L’observation de la place nous fait remarquer une promotion dans une confiserie de turón et autres douceurs locales. Nous en achetons quelques-uns pour offrir en France. Les filles en choisissent elles aussi pour leurs amis. C’est un calvaire pour Lison qui n’aime pas avoir à faire des choix. Elle passe beaucoup de temps à se souvenir des goûts de ses amies pour essayer de leur prendre une gourmandise adéquate.

Musée des beaux-arts d’Oviedo

Il est 17h30 quand nous entamons la visite du musée des beaux-arts d’Oviedo. La première salle est celle consacrée à Sorolla, peintre impressionniste espagnol. Son coup de pinceau est même appelé luministe, tellement ses œuvres sont lumineuses. Nous passons beaucoup de temps devant les enfants qui courent sur la plage. Une vraie merveille. 

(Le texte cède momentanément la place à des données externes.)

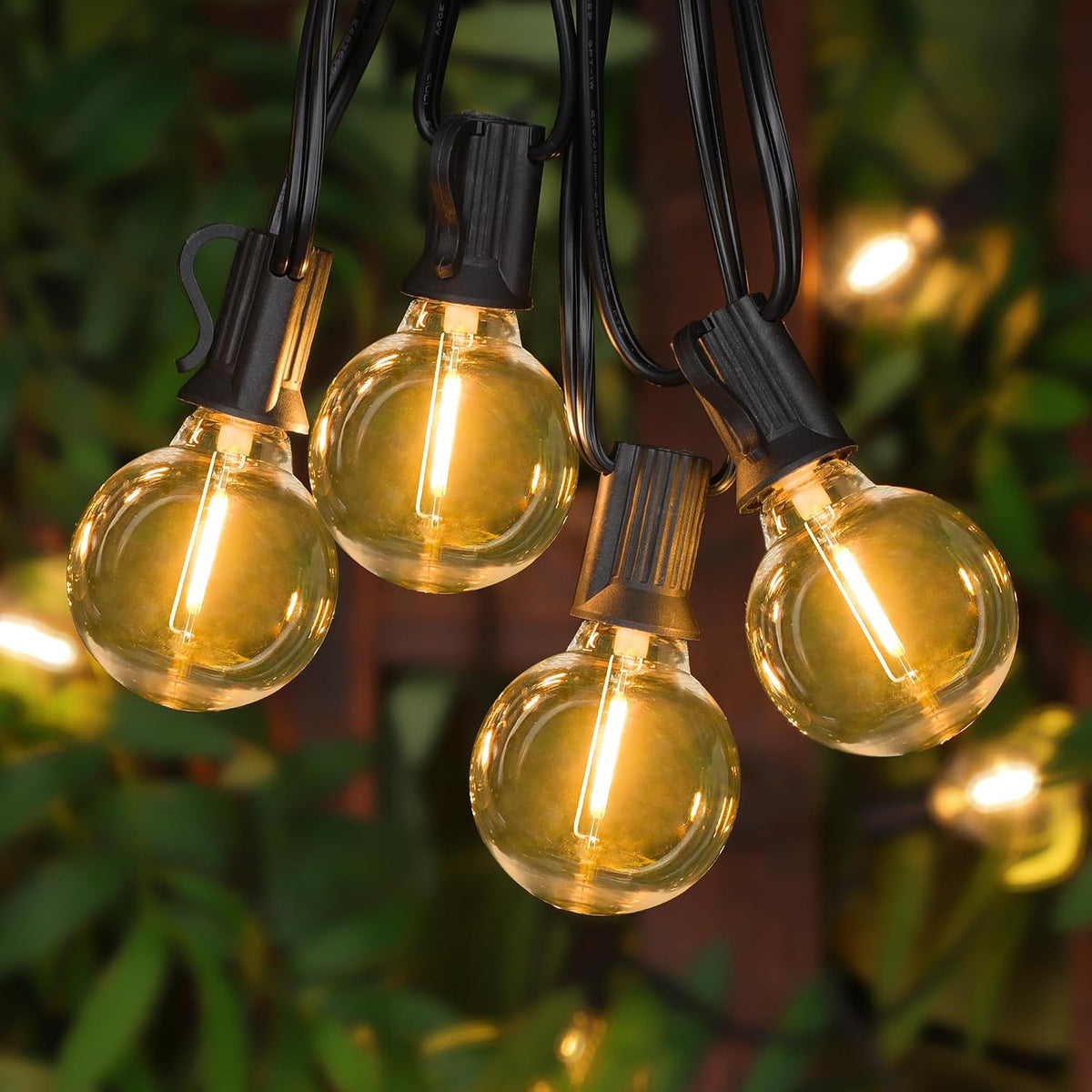 Mlambert 50 Pack G40 LED Replacement String Light Bulbs, E12 Base, 1W,2700K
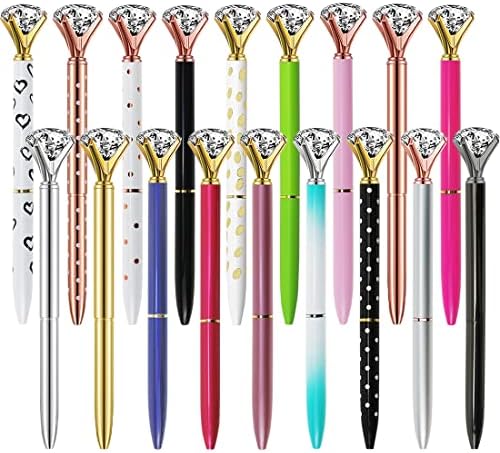 Oddmoal dijamantne olovke Zabavna olovka za kristalnu dijamantnu olovku za žene, Bling Metal olovke, crna tinta, 18 brojanja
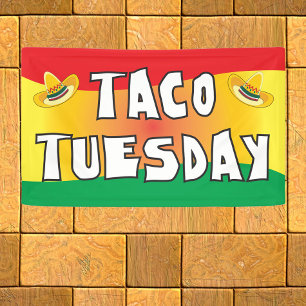 明るい色のタコ火曜日 横断幕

Plus loin nous découvrons Campesinos de Gandia, de l’artiste Hermen Anglada-Camarasa. Une scène de fête traditionnelle avec d’incroyables costumes très décorés, très colorés. Ce sont les deux tableaux qui marqueront le plus nos souvenirs. Pendant que je passe un long moment à attendre que Solène ait fini de dessiner, Pierre et Capucine se sont perdus dans les bras du musée, aménagé dans plusieurs anciens hôtels particuliers du cœur de ville. Nous nous cherchons pendant longtemps. Puis nous cherchons ensemble la salle des Picasso, Miró et Dalí. Ce musée est un terrible labyrinthe. 

Le cidre, grande spécialité de Cantabrie

Nous tombons un peu par hasard sur l’exposition temporaire dédiée au cidre de Cantabrie, et sur un film qui explique la manière de le servir, en positionnant le verre très bas, et la bouteille très haute, pour oxygéner le breuvage dans la chute. La posture très suggestive nous surprend beaucoup. C’est pour ça que nous avons vu sur les terrasses des restaurants des espèces de pissotières utilisées par les serveurs pour ne pas éclabousser la table d’en face. Le produit a beau être une IGP reconnue, son service manque grossièrement d’élégance. 

Ce sont les gardiens du musée qui finissent par nous mettre dehors à la fermeture, il est 20h. Nous avons pu en profiter suffisamment. Nous sommes bien heureux de cet après-midi en ville. Dehors, sur la place de la Cathédrale, se termine un spectacle de danse et de chants traditionnels. Dans une boutique nous achetons tout de même du cidre. Les terrasses des restaurants n’ont pas désempli. Nous retrouvons l’Emile-Pat tout aussi proche du cœur de ville et Basile qui n’a pas bougé d’un poil. Un spot en périphérie de la ville, au calme et au vert pour Basile.

Cette journée dense n’est pas finie. Capucine nous apprend ce soir qu’arrivent ses premières menstruations. Je n’en parlerai pas plus pour respecter sa pudeur. Mon aînée grandit, et ça me bouleverse. Une vague d’émotions me traverse. Je vis cela comme une perte de l’innocence de l’enfance. Elle va devoir apprendre à gérer les protections hygiéniques, la discrétion, le stress de la tâche,… Et comme pour nous embêter un peu plus, nous avons dans nos soutes uniquement 3 serviettes hygiéniques de secours, et demain nous serons dimanche. Pierre repère les quelques magasins ouverts, ce sera notre priorité.